Dürfen Stiftungen Schwäche zeigen? Die Antwort fällt nicht leicht. Generell gilt, dass immer weniger Publikum glaubt, die Chefetage habe alles im Griff. Wenn aber Alle ihr Handeln schönreden, fällt es schwer, im Einzelfall offener zu kommunizieren. Denn wenn bei dieser gesellschaftlichen Erwartungshaltung jemand selbst Schwächen zugibt, erscheint das als Indiz, dass noch viel mehr im Argen liegen muss.

Andererseits kennen wir aus dem persönlichen Miteinander: Schwächen, zu denen man steht, machen eher sympathisch. Schließlich wissen wir alle um unsere Unvollkommenheit.

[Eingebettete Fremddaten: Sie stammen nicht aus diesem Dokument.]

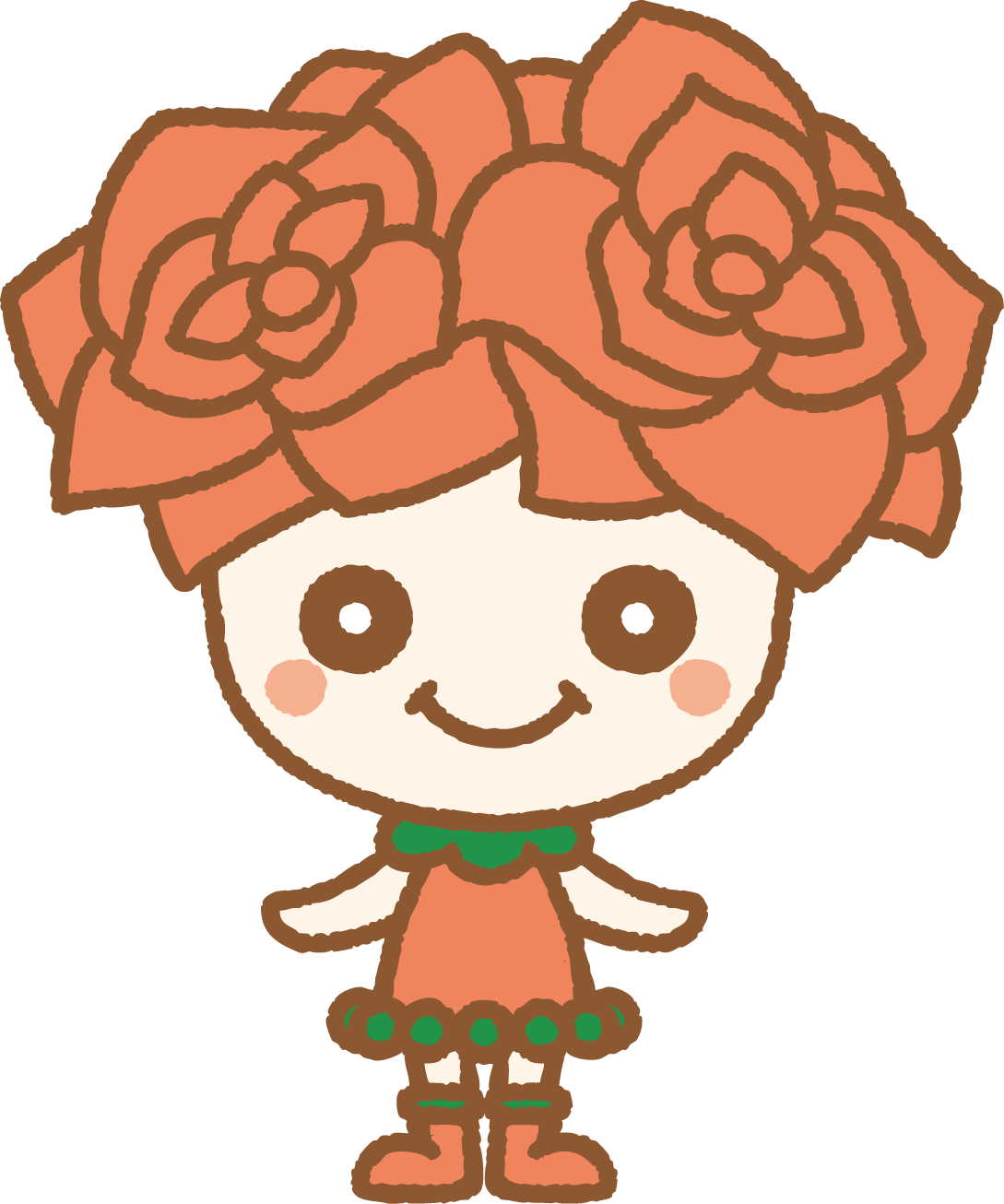 New mascot image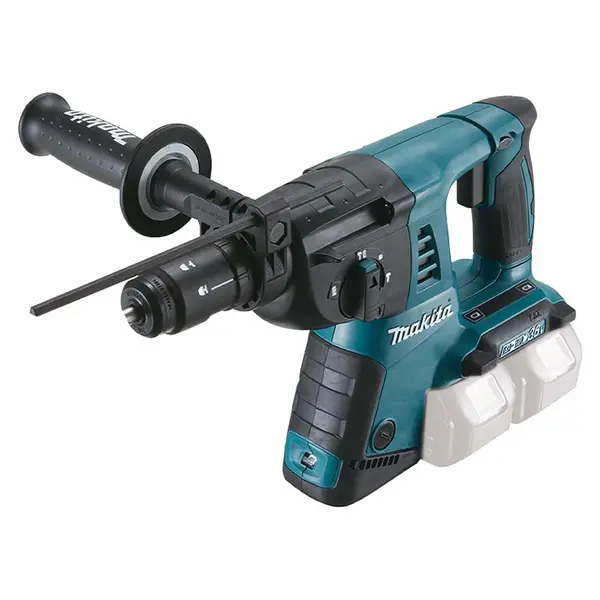 Makita DHR264Z SDS Plus Rotary Hammer 36V (2 x 18V) Bare Unit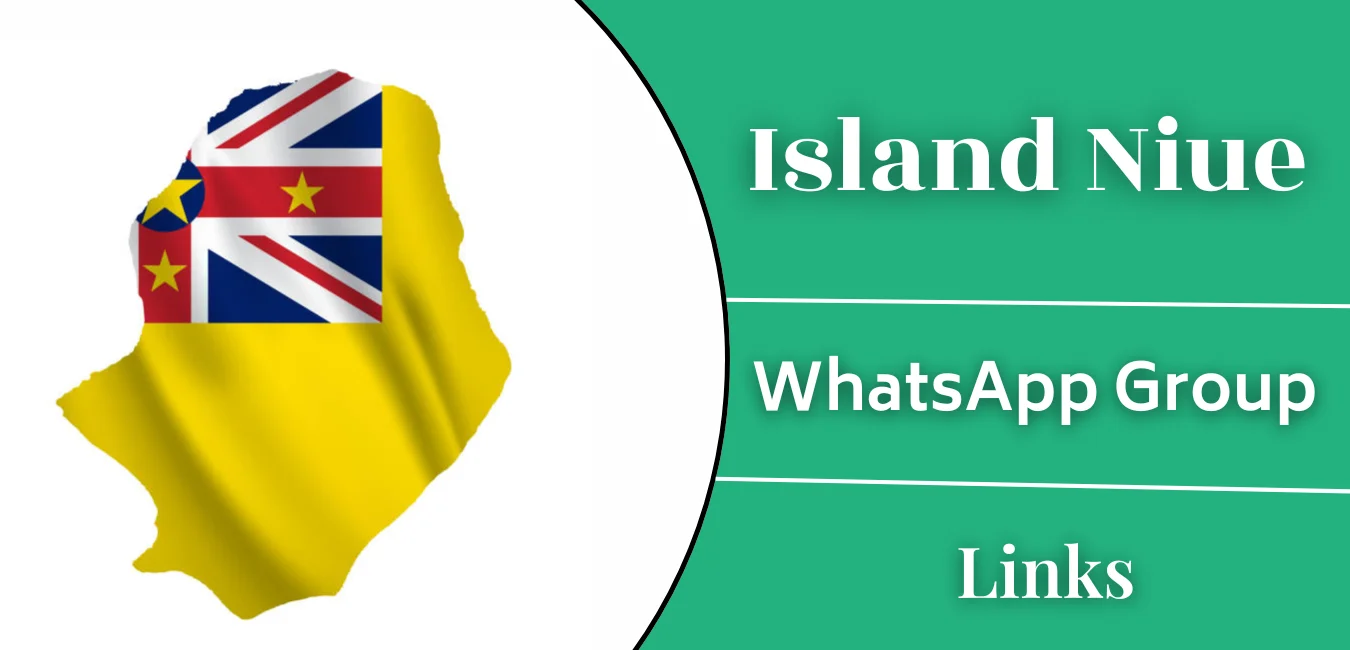 Island Niue WhatsApp Group Links Join 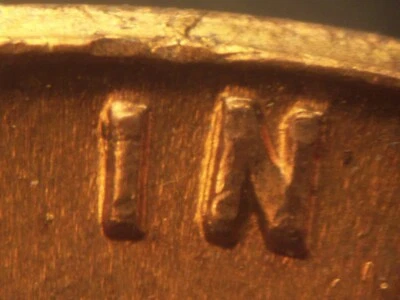 1964 P BU Doubled Die OBV 1DO - 001 Lincoln Cent - Image 1 of 4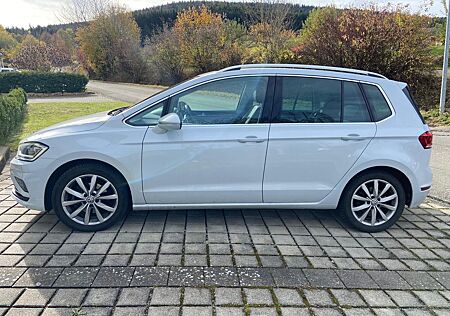 VW Golf Sportsvan Volkswagen 1.5 TSI ACT OPF 110kW DSG Com...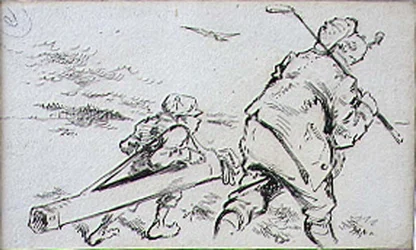The Bumbling Golfer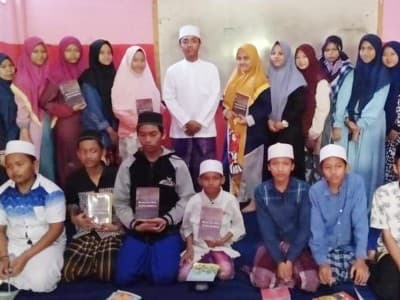 Tunjukkan pada Dunia, Santri Bisa Berkarya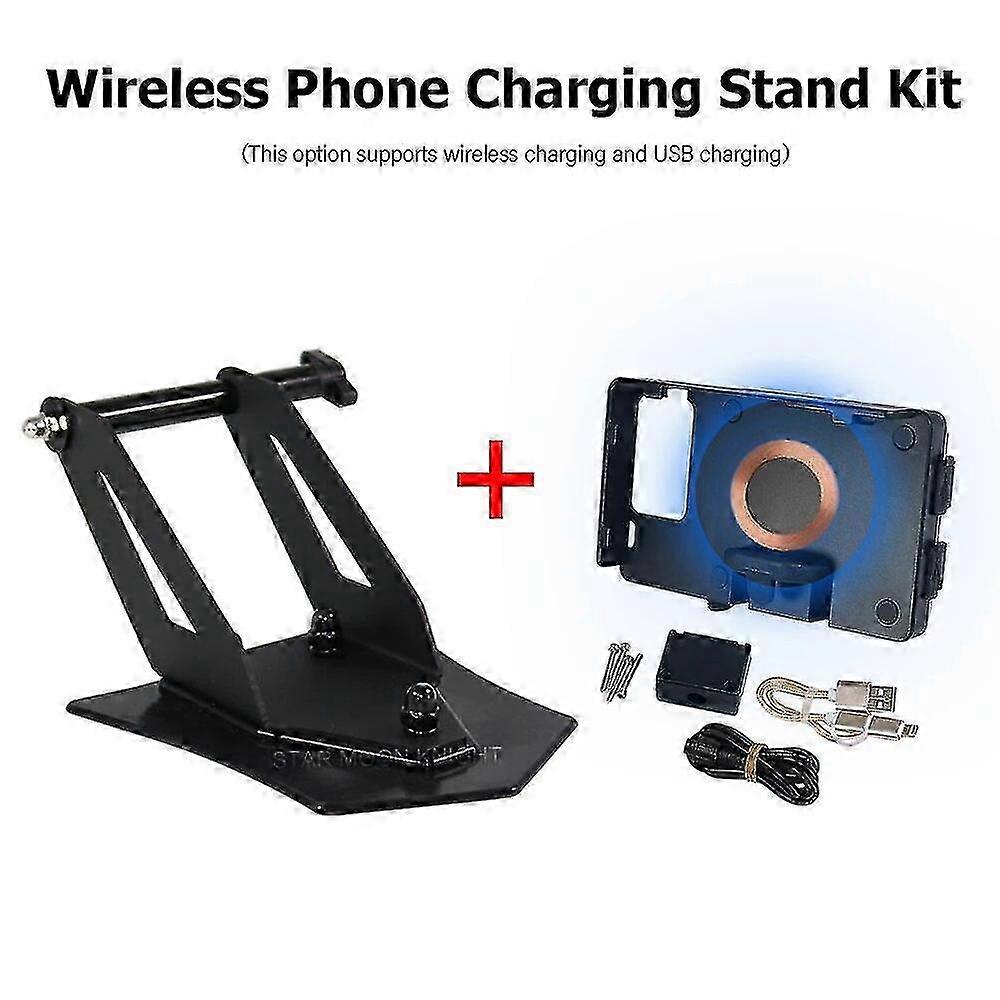 Upper bracket for BMW R1250RT - TFT navigation mount 2022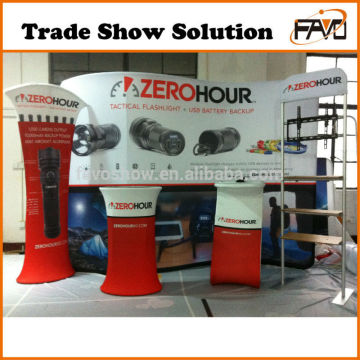 Trade Show Table Covers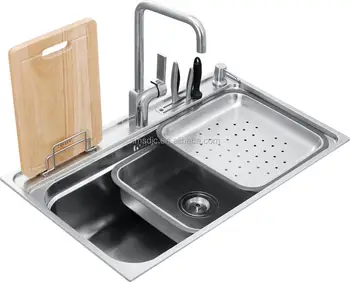 Bathroom Sink Cupc Sink Stainless Steel Kitchen Sink With ...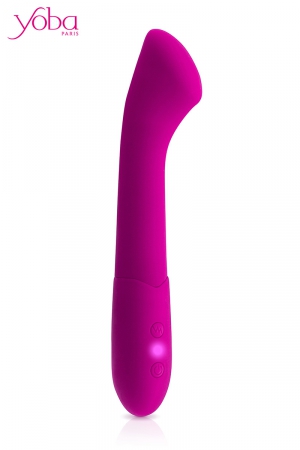 Vibromasseur point G Baya – Yoba - Vibromasse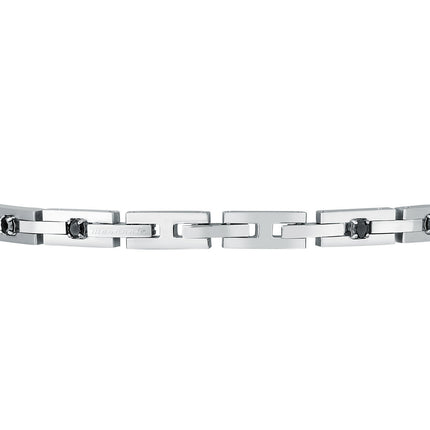 Maserati Jewels Stainless Steel JM422ATJ10 Bracelet For Men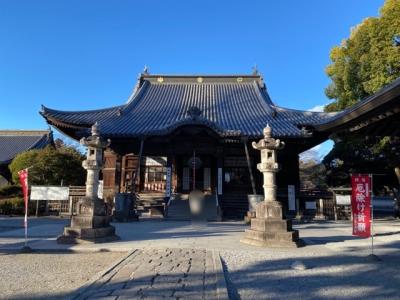 国宝　鑁阿寺(ばんなじ)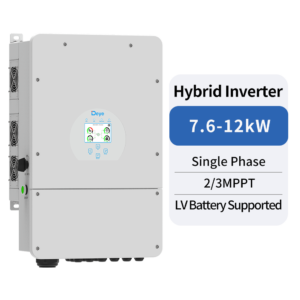 Invertor Deye Hibrid SUN-10K-SG02LP1-EU-AM3-P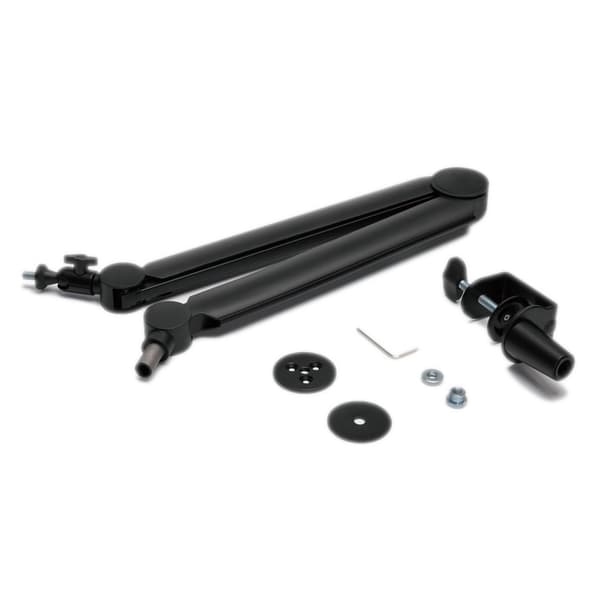 MOZOS SB39 bordstativ til mikrofon med arm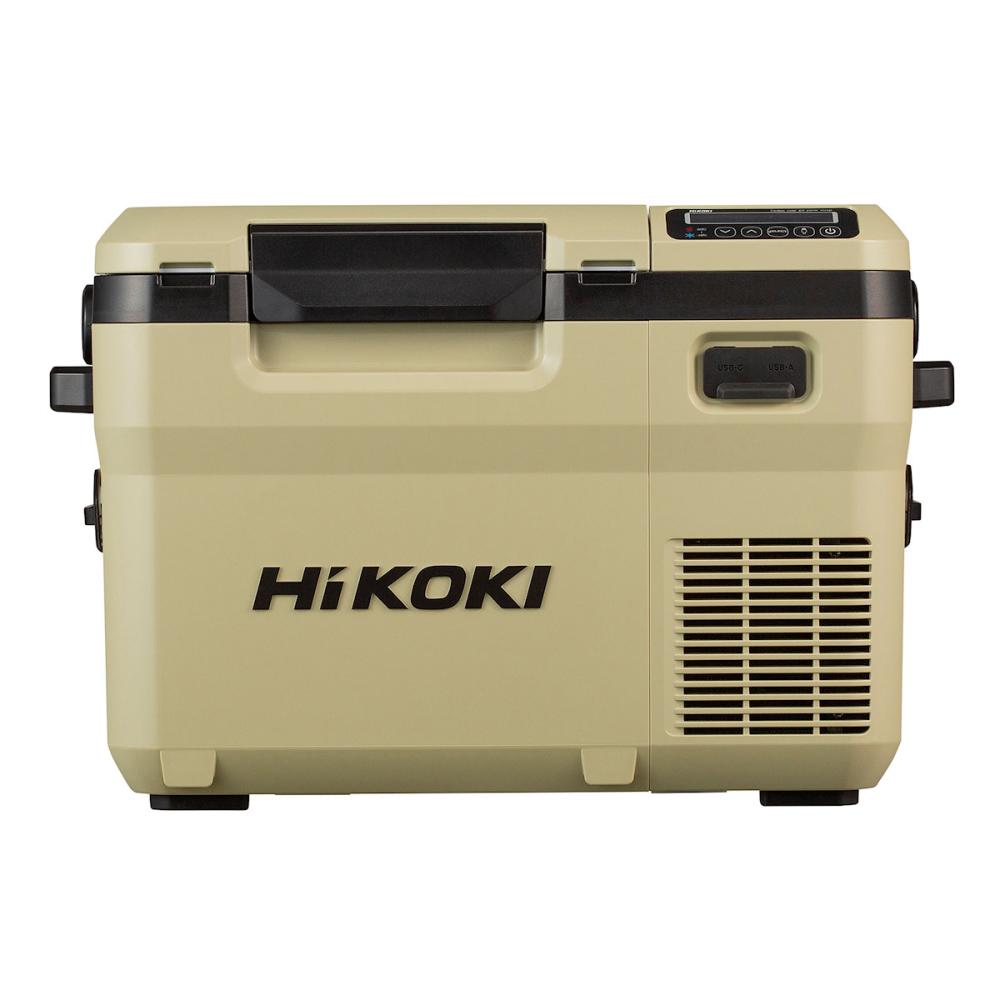 HiKOKI（ハイコーキ） コードレス冷温庫 サンドベージュ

Wer sich – wie viele Stiftungen – brüstet, zum gesellschaftlichen Nutzen auch Risiken einzugehen, ist geradezu beweispflichtig, dass auch Ansätze und Projekte scheitern. Schließlich ist Risiko durch eine erhöhte Wahrscheinlichkeit des Misserfolgs definiert. Was uns allerdings fehlt, ist ein seriöser und sympathischer Stil von Misslingens-Kommunikation.

Gefährlich wird es, wenn wir am Ende auf unsere eigene Schönrednerei reinfallen und uns damit die Energie nehmen, Probleme anzupacken und Konsequenzen zu ziehen.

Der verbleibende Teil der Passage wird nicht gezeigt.